紫外線量がピークを迎える時期です。ケアを怠ってしまうと、恐ろしいのが将来巡ってくる紫外線のつけです。具体的には、皮膚がん、白内障、肌のしみ、しわなどに影響を及ぼし、免疫力低下にも関わるとされています。

 日頃の予防(日焼け止め、日傘など)も大切ですが、食生活からも予防やケアを心掛けてみましょう。まず、紫外線対策に役立つ栄養素の役割、食品を整理してみましょう。

栄養素の働きを意識した食事を心掛ける

 ビタミンC……抗酸化ビタミンの一つで紫外線によって発生する活性酸素を抑え、コラーゲン合成を促進する働きがあります。ピーマン、ブロッコリー、カリフラワー、キウイフルーツ、イチゴ、芋類に多く含まれます。

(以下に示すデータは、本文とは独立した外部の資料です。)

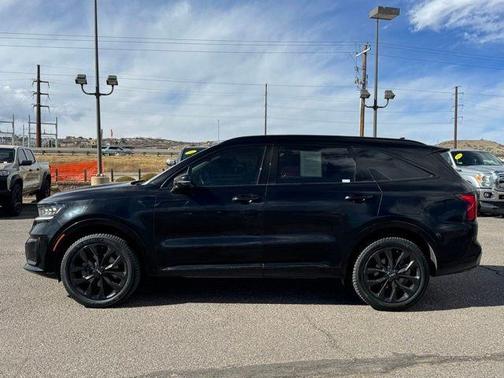 2022 Kia Sorento SX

 ビタミンB2……皮膚や粘膜のビタミンといわれ、粘膜を保護し、口内炎や口角炎、目の充血、皮膚炎を予防します。レバー、ウナギ、納豆、明太子、卵に多く含まれます。

 ビタミンE……強い抗酸化作用で過酸化脂質(細胞の老化を促進する)の生成を防ぎ、アンチエイジング(老化防止)に役立ちます。ビタミンCと一緒に取ると栄養効果が高まります。カボチャ、アーモンド、ゴマに多く含まれます。

 β‐カロテン……皮膚や粘膜を丈夫にするために必要不可欠なビタミンAに体内で必要な分だけ変化し、老化の原因となる活性酸素の発生を抑えます。カボチャ、ニンジン、トマトなどの緑黄色野菜に多く含まれます。

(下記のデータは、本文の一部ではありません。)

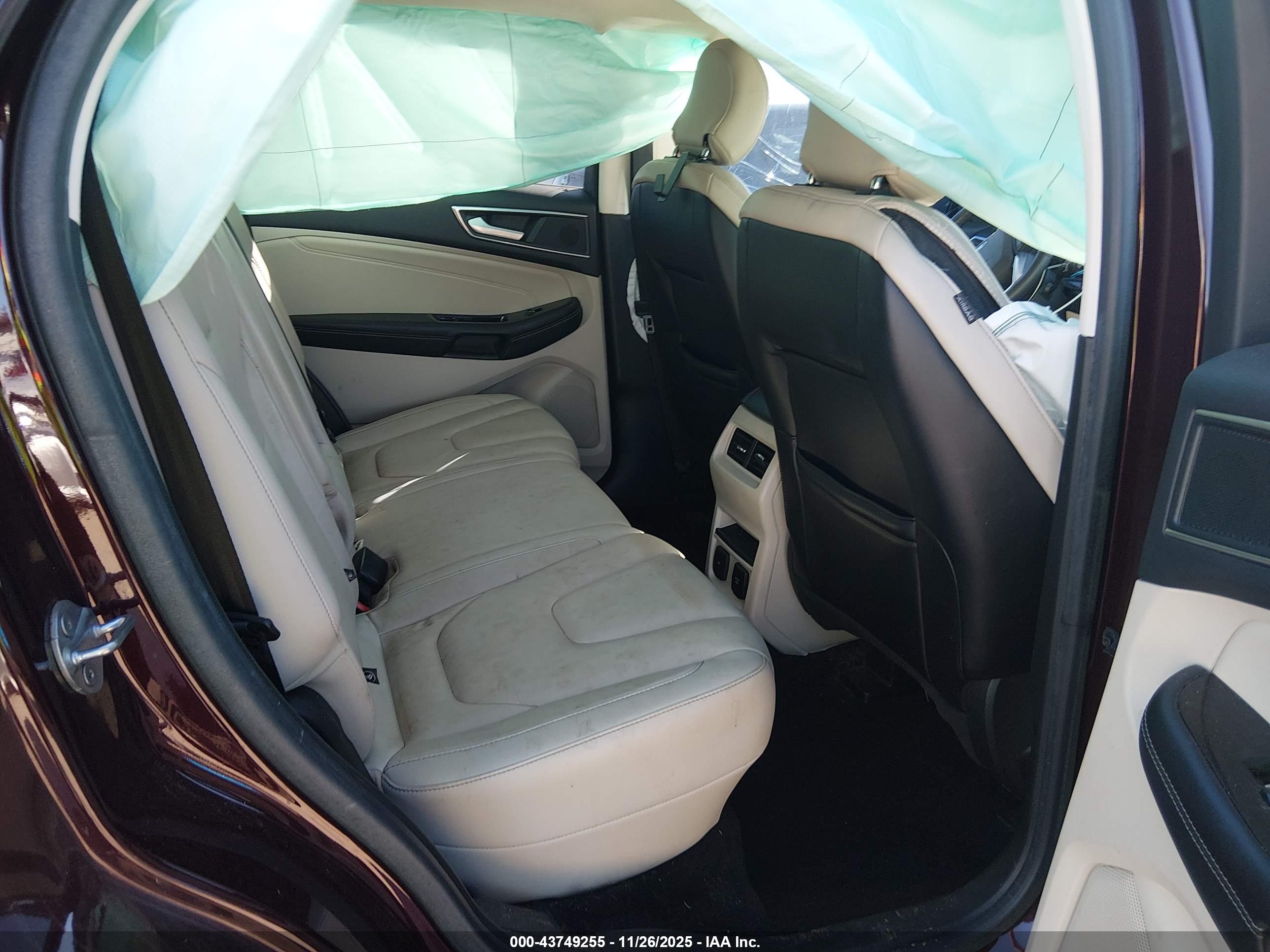 FORD EDGE image 8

 リコピン……赤くなればなるほど活性酸素の産生を抑制する力が強くなるので、アンチエイジングの効果が高くなるといわれています。生のトマトよりも完熟トマト(ホールトマト、ケチャップ、トマトピューレなどの加工品)により多く含まれます。

 以下は、肌の老化に役立つコンビニメニューの一例です。①リコピン……トマトジュース、ミートソーススパゲティ、オムライス、ミネストローネ、②ビタミンC+ビタミンB2……ゴーヤーチャンプルー、ホウレンソウと卵の炒め物、レバニラ炒め、明太ポテトサラダ、③ビタミンE+β‐カロテン……カボチャサラダ、ホウレンソウのゴマあえ、緑黄色野菜サラダ、ニンジンのシリシリ。

「見た目がカラフル」なメニュー選びを

 紫外線は有害なイメージばかりが注目されがちですが、ビタミンDを合成する働きがあり、私たちの体に必要なものです。骨の形成に重要な働きをしており、カルシウムの吸収を高め、骨粗しょう症や骨折予防に役立つ他、最近では、がんのリスクを低下させるとの報告もあります。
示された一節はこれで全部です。